Samudra 2: Scaling Ocean Emulators
across Resolutions

Yuan Yuan1,*, Jesse Rusak2, Alexander Merose2, Adam Subel1, Pavel Perezhogin1, Alistair Adcroft3, Carlos Fernandez-Granda1, Laure Zanna1
1New York University   2Open Athena   3Princeton University
*Corresponding author

TL;DR. Samudra 2 is a neural ocean emulator that scales to 1°, 1/2°, and 1/4° resolution with stable ~8-year autoregressive rollouts.

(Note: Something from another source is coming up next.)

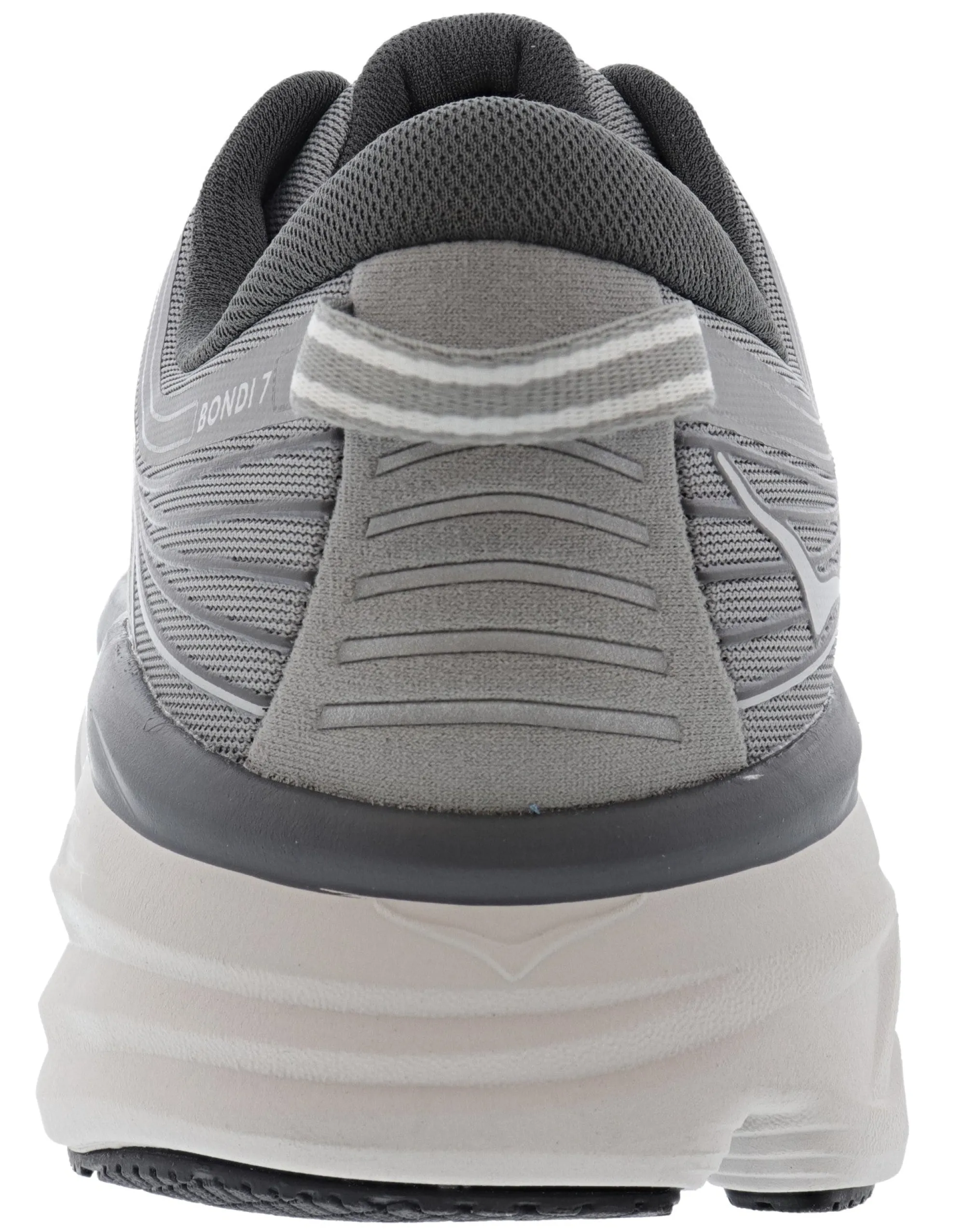 Walking|Running>Hoka Men's Ultra Marathon Cushioned Running Shoes Bondi 7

Gulf Stream surface kinetic energy across resolutions

Surface kinetic energy in the Gulf Stream region from GFDL OM4 (top) and Samudra 2 (bottom) at 1 deg, 1/2 deg, and 1/4 deg resolution near the end of an 8-year autoregressive rollout. At finer grids, the emulator progressively captures mesoscale eddies, meanders, and filamentary western boundary current structure.

Abstract

Ocean general circulation models are essential to climate science but computationally expensive, severely limiting the ensembles and scenarios that can be explored. Neural emulators promise orders-of-magnitude speedups, yet no ocean emulator to date has combined fine spatial resolution with multi-year autoregressive rollouts. Samudra, the first autoregressive neural ocean emulator to produce multi-decade global rollouts, was restricted to 1 deg resolution and exhibited two long-horizon failure modes: variance collapse and imprinting artifacts.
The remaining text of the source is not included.